I'm not an AI bro, just someone who likes fucking around with locally ran models. I have a decent laptop (Intel Core i9-14900HX, NVIDIA GeForce RTX 4060 Laptop GPU, 32 GB DDR5-5600), and it struggles with a lot of models (15 tok/sec for nvidia/nemotron-3-nano). Is there anything that can be done about this? And why are LLMs so heavy?
>>108741087cause they are giant markov chains that represent a wide range of paths
>>108741087that's a big model for 8gb vram. you should get a macbook with apple silicon and unified memory if you want to run LLM's on your machine.
>>10874108730b is a big model for consumer hardware. try a 7-14b model. qwen3.6, qwen3.5, qwen3
>>108741087>Why are Large Language Models so heavyWhat the fuck do you think "Large" means nigga? Run a small or local model if you want something lightweight and portable. Lightning fast, small AI tailored to a specific domain are going to be the future anyways.
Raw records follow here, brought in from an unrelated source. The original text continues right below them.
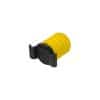 SuperSprings SSR-610-54 SumoSprings Nissan Frontier, Titan Toyota Tacoma, Tacoma PreRunner, Tundra Rear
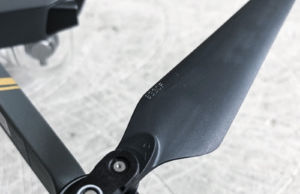 DJI nasıl başarılı oldu? DJI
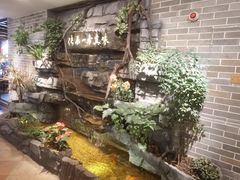 -顺德渔村·岭南一号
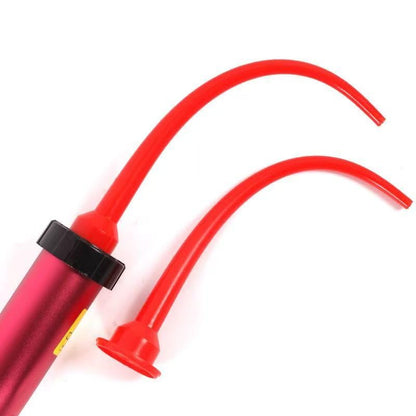 3PCS Caulk Extension Reusable Curved Nozzle for Sausage Caulking Gun (Curved)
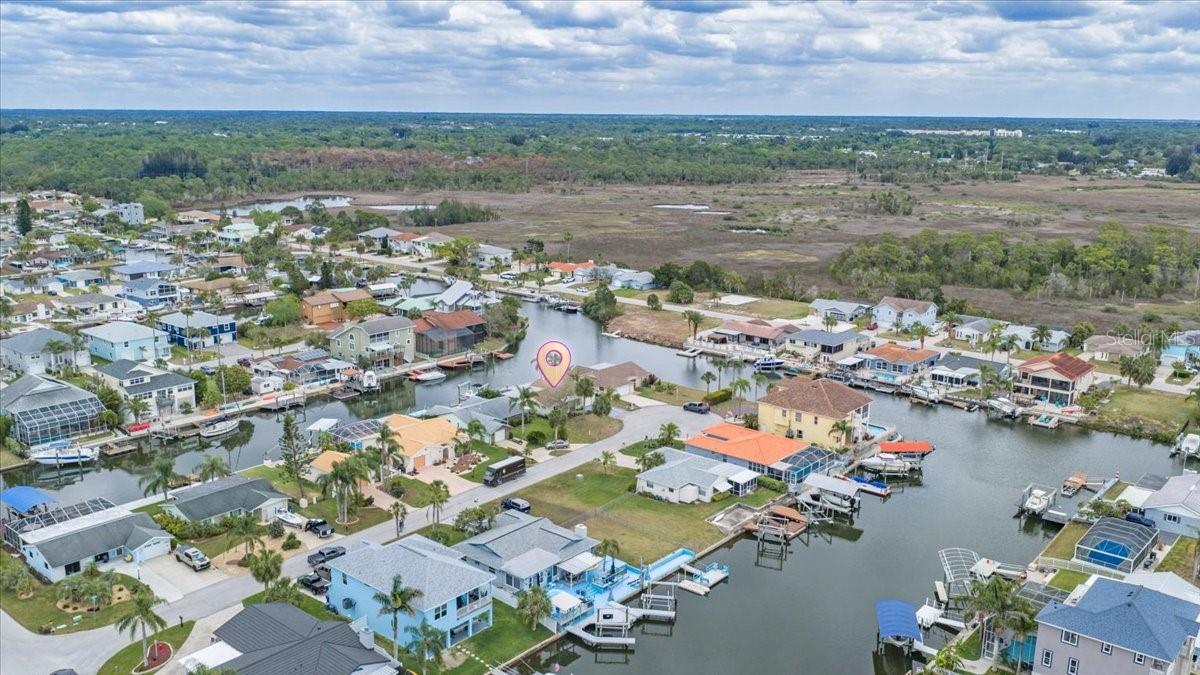 Image 45 of 45 For 15536 Century Drive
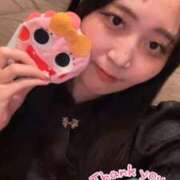 ヒメ日記 2025/11/29 12:34 投稿 にこる Beppin house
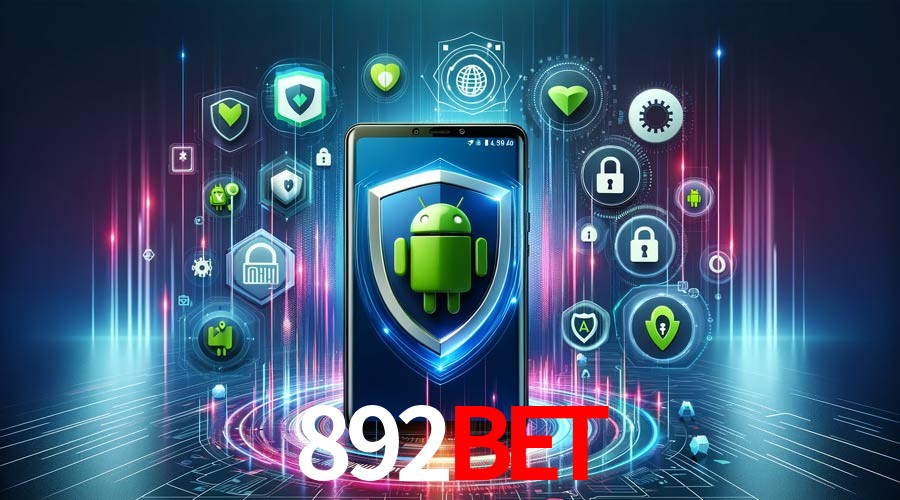 Game Providers 892bet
>>108741087>Is there anything that can be done about this?faster hardware, preferably not a laptop>And why are LLMs so heavy?heavy? get real, faggot. those sizes are reasonable considering how much data these models are able to vomit up IF your hardware is fast enough.tl;dr: stop being poor and get good
>>108741087I'd say 15 tok/second for a free model of that quality on a sub-$2000 mobile device is actually pretty impressive and you should be grateful
>>108741087Because they get better as they get bigger, so naturally people will make them as big as they fit on enterprise hardware, not as big as they fit on your laptop.
Look man, they already can do a fucking lot. I run this Gemma 4 E4B or some nonsense and the shit I'm finding is that it's working not much smaller on a piece of dogshit like the mac mini m4 16gb than what I used when I discovered deepseek (non-local). It works stupidly well for basic shit. I'm asking it "hey look, I took this picture, what do you see" and it's accurately telling me that my photographic skills are fucking terrible. I don't need someone on /p/ to tell me anymore and the best of all is, I didn't spend thousands, and I'm not running this online so this critique is kept private.
>>108741087If Q4_K_M versions are too heavy for your hardware, try Q3_K_M. Perplexity will go up a bit, but it can be a worthwhile tradeoff if the model is just too slow.
>>108741087run full gpu offloads if you want speed, right now the qwen3.5 4B/9B are the best fit for you i think. they for example i typically use a Q3.5-9B with 64k context as it fully fits in my 4070 with some spare room for browser windows and shit like that in gpu memory
>>1087450174 bit are so popular because it's the exact sweet spot between size and performance in almost all models of the size a typical gaming pc can run (~32B and under)
Your prompt is ready. Speed weak, weights are heavy.The model's making slop already, code spaghetti.
>>108741087It's almost as if it's just bruteforcing shit.
>>108747591>It's almost as if it's just bruteforcing shit.Exactly.